Captioned web images:
/---
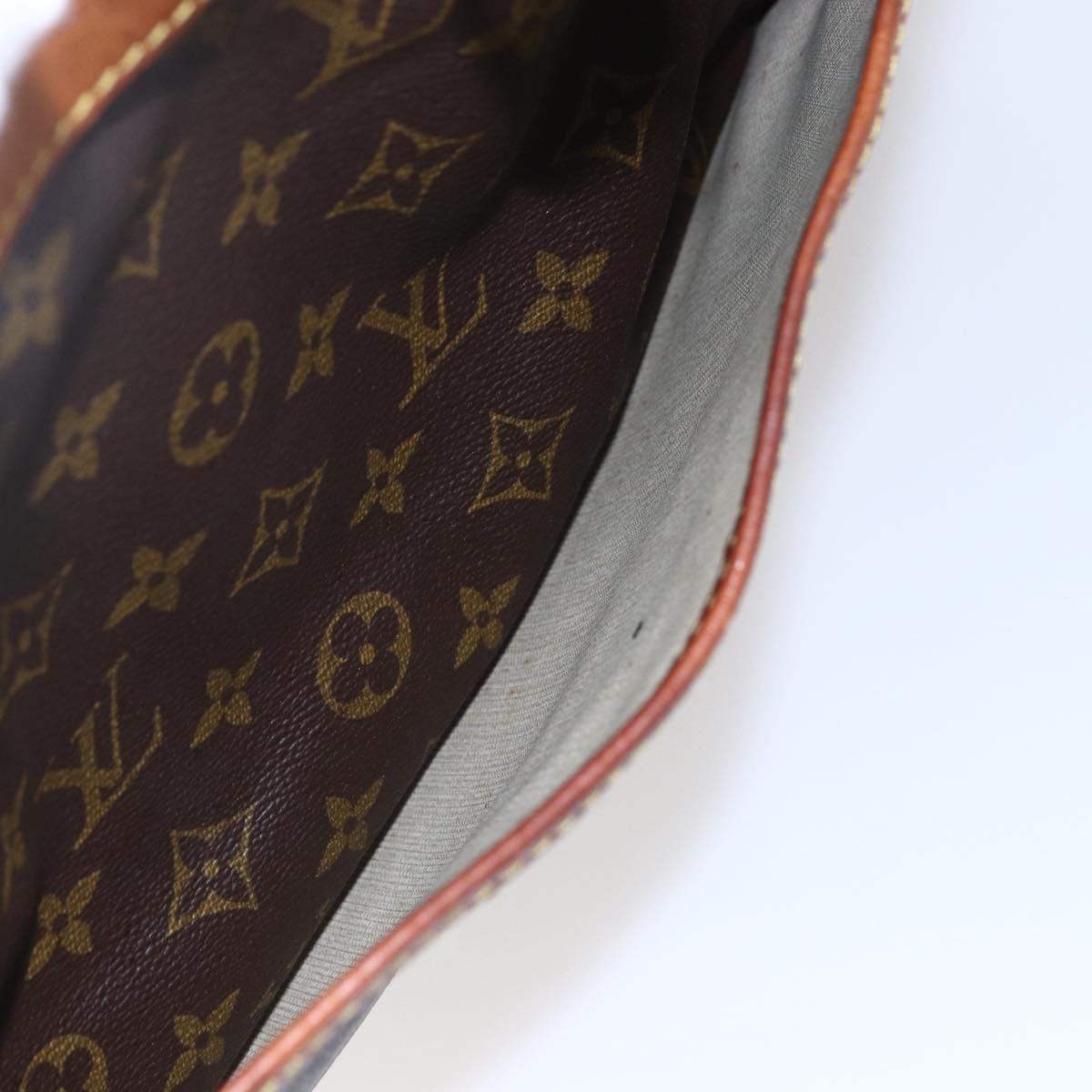 LOUIS VUITTON Monogram Deauville Hand Bag M47270 LV Auth 152532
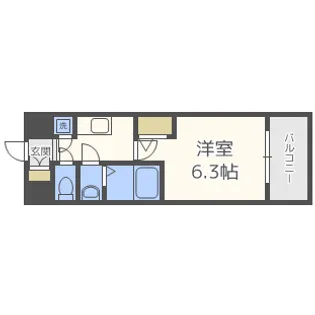 エスリード南堀江レジデンス【6階】の間取り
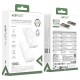 Повербанк портативний акумулятор Power bank Acefast M26 fast wireless charging MagSafe магнітний 20W 10000 mAh White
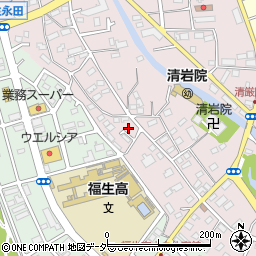 東京都福生市福生496周辺の地図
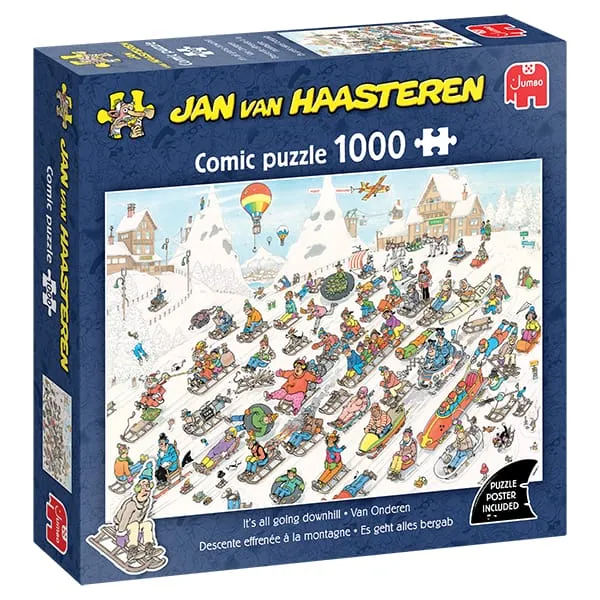 Descente effrénée à la montagne, JvH (1000pcs)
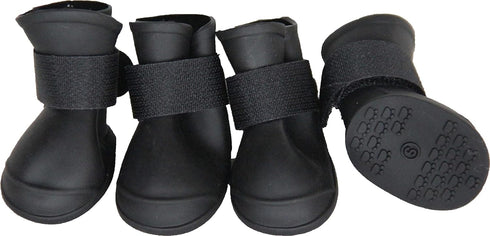 Pet Life All-Terrain Protective Rubber Dog Booties - Waterproof Dog Shoes Set of 4 for Year-Round Usage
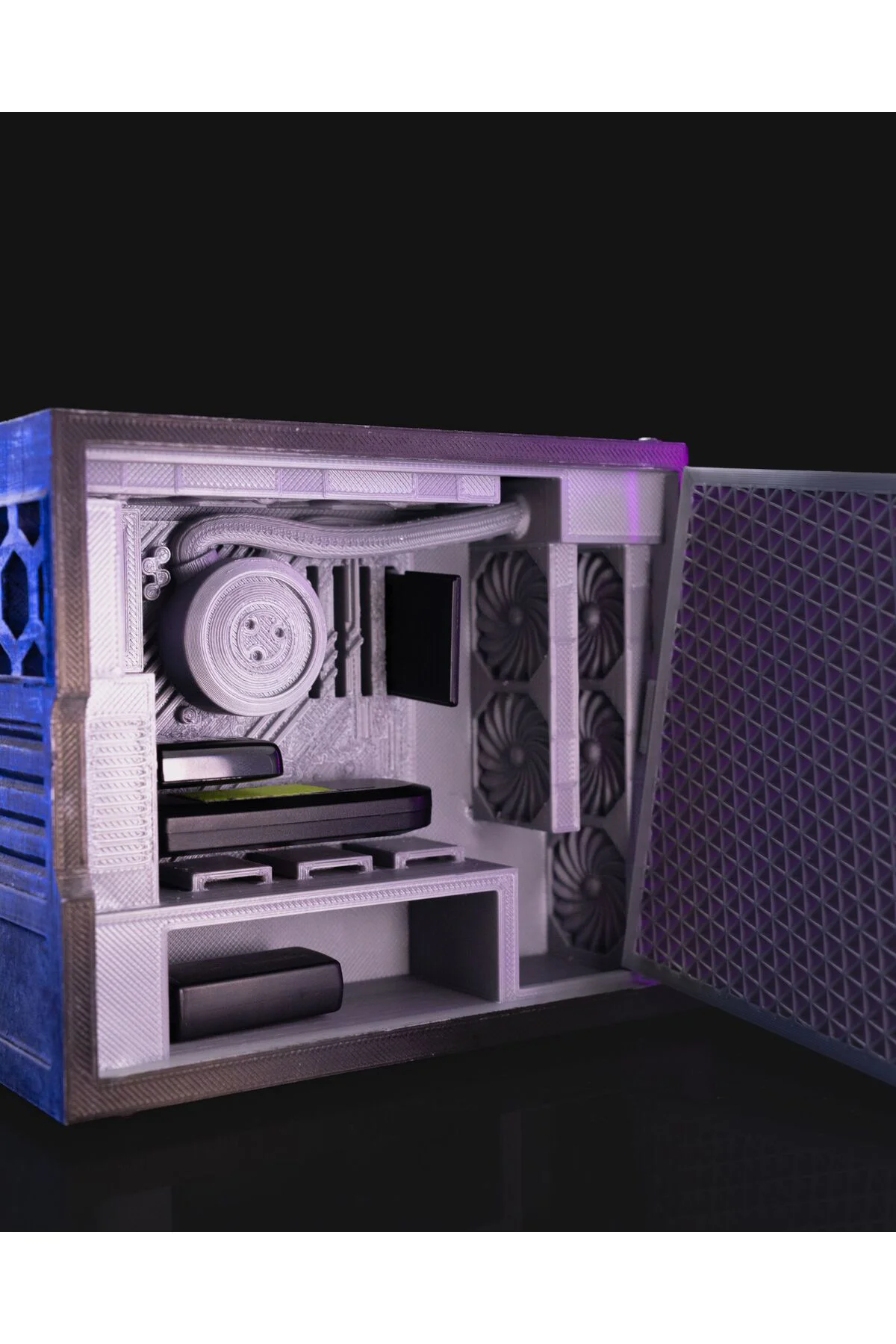 Gaming PC Oyuncu Bilgisayar Kasası USB SD Kart Kutusu Düzenleyici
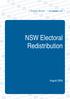 NSW Electoral Redistribution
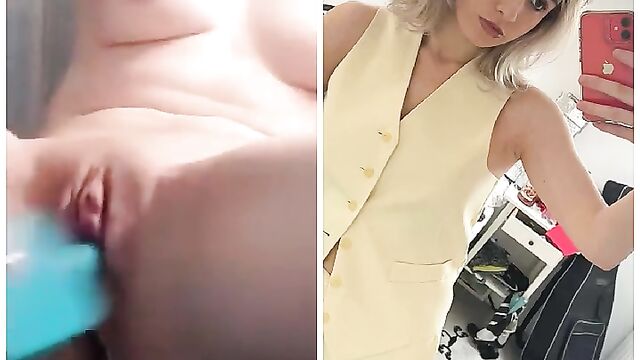 A wife-milf fucks a dildo and sends the video to her boyfriend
\---
◆ Assignment: Transcribe the records above exactly, skipping pictures.

◆ Task response:
 LOUIS VUITTON Monogram Deauville Hand Bag M47270 LV Auth 152532
 エスリード南堀江レジデンス【6階】の間取り
 Повербанк портативний акумулятор Power bank Acefast M26 fast wireless charging MagSafe магнітний 20W 10000 mAh White
 東京都福生市福生496周辺の地図
 Descente effrénée à la montagne, JvH (1000pcs)
 Pet Life All-Terrain Protective Rubber Dog Booties - Waterproof Dog Shoes Set of 4 for Year-Round Usage
 Gaming PC Oyuncu Bilgisayar Kasası USB SD Kart Kutusu Düzenleyici
 NSW Electoral Redistribution
 A wife-milf fucks a dildo and sends the video to her boyfriend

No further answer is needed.